> **TASK TO COMPLETE**:
Go to the line that contains "New Season Women" and extract it along with every line after it, exactly, through the end of the data below.

START INPUT DATA

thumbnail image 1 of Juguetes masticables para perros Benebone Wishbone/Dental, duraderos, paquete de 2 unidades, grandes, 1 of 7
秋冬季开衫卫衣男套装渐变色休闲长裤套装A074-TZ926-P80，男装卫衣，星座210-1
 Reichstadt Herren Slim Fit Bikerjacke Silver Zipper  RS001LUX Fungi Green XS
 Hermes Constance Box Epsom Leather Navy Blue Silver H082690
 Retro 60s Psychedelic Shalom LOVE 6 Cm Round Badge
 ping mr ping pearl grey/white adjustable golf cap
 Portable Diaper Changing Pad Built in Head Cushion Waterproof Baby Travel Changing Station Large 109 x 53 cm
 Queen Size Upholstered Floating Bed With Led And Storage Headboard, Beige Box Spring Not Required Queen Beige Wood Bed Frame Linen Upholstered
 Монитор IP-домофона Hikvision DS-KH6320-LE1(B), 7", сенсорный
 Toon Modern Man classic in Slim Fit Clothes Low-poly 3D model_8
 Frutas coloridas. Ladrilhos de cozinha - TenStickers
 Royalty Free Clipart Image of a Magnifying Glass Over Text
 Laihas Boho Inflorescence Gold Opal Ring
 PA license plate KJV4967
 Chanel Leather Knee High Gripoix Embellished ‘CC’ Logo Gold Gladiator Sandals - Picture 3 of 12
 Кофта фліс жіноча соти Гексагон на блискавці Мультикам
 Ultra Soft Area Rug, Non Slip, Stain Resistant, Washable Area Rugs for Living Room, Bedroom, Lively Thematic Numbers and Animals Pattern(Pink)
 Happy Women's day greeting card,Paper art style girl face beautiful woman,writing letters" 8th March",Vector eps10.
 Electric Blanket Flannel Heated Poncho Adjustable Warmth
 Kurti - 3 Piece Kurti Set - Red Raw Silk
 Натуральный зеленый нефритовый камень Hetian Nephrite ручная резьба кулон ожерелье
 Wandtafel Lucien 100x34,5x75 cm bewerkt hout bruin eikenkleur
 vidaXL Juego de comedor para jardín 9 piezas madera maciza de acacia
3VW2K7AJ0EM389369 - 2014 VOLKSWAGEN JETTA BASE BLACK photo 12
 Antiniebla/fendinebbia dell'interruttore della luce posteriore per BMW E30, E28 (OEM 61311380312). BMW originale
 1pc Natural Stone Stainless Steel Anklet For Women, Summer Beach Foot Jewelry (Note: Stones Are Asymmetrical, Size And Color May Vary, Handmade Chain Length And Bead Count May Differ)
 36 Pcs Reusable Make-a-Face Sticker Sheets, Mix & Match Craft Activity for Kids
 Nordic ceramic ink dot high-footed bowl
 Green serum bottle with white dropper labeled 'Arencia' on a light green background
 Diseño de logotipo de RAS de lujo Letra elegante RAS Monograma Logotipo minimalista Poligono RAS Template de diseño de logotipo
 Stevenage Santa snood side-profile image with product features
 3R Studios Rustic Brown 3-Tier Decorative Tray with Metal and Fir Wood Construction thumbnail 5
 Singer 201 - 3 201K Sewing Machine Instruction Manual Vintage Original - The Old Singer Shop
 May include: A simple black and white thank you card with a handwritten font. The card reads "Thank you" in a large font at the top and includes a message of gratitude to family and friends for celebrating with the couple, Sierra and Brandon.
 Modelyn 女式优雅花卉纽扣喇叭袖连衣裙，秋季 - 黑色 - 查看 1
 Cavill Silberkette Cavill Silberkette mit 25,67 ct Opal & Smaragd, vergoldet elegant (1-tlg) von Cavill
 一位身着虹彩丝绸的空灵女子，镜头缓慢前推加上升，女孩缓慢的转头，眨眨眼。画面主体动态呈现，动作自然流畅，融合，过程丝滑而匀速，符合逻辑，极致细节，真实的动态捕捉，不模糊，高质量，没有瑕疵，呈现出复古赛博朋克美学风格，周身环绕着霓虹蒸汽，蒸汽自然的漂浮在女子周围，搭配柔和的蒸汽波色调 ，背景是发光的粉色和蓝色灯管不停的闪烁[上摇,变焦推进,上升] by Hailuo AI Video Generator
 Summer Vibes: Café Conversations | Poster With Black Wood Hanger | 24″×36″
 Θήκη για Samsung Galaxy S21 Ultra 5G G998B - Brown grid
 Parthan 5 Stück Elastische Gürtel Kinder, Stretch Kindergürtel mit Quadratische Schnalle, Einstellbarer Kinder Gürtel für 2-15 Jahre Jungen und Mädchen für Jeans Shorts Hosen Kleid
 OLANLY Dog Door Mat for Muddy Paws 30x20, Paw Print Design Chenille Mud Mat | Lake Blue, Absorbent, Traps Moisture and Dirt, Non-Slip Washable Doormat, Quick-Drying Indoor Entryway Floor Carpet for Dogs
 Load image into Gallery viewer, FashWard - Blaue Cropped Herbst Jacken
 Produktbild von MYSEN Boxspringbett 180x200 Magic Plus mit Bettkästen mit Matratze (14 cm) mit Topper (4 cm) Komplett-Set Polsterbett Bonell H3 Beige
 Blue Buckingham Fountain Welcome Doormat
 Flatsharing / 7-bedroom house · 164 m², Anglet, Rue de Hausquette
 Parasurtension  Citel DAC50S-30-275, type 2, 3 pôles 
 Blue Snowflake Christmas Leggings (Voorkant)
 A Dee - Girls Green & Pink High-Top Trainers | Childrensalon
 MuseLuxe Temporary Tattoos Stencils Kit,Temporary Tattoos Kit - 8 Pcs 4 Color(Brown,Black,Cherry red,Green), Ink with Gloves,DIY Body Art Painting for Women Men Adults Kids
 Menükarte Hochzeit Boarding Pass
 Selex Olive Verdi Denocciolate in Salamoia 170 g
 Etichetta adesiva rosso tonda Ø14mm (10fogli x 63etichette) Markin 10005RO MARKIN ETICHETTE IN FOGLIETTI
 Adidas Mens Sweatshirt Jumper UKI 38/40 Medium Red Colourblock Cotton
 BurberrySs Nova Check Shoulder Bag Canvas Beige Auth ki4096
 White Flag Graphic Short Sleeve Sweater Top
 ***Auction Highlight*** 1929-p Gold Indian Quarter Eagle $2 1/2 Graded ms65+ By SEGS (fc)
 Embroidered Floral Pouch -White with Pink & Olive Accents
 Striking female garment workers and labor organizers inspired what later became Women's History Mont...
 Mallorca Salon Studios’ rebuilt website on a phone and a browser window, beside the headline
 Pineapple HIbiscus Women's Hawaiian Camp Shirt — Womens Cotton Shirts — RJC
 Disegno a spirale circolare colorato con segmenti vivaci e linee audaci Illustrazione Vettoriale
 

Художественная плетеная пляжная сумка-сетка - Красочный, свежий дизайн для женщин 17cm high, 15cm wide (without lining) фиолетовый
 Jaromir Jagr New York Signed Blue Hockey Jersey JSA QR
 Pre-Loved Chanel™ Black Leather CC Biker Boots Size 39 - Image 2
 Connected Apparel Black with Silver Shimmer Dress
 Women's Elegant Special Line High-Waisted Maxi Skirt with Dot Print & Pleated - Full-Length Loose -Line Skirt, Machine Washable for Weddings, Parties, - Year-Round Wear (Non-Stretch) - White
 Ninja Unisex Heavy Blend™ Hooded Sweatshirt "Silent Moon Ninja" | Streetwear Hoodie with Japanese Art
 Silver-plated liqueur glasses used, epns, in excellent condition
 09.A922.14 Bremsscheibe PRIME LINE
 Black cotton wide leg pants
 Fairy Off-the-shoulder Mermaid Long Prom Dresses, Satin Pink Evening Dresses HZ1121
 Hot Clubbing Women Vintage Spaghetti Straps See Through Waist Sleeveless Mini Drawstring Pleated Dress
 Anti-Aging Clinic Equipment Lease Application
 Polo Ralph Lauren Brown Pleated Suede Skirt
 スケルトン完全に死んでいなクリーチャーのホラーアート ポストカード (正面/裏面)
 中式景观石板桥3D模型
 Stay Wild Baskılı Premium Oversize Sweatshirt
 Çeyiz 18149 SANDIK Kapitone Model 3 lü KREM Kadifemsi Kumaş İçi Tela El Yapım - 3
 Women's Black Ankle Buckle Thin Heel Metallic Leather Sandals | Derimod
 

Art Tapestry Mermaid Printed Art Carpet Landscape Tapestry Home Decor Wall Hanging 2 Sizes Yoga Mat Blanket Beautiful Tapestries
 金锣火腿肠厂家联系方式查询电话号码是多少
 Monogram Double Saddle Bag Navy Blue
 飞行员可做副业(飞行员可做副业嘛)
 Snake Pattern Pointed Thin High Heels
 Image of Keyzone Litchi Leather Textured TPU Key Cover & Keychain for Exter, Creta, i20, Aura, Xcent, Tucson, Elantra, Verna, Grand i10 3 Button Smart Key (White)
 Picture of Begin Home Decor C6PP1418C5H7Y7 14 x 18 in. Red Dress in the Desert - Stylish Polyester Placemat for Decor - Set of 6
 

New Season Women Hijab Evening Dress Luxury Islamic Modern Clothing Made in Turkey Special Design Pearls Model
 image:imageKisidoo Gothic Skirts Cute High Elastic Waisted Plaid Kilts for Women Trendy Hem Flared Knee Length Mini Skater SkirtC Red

END INPUT DATA

> **PROBLEM SOLUTION**:
New Season Women Hijab Evening Dress Luxury Islamic Modern Clothing Made in Turkey Special Design Pearls Model
 image:imageKisidoo Gothic Skirts Cute High Elastic Waisted Plaid Kilts for Women Trendy Hem Flared Knee Length Mini Skater SkirtC Red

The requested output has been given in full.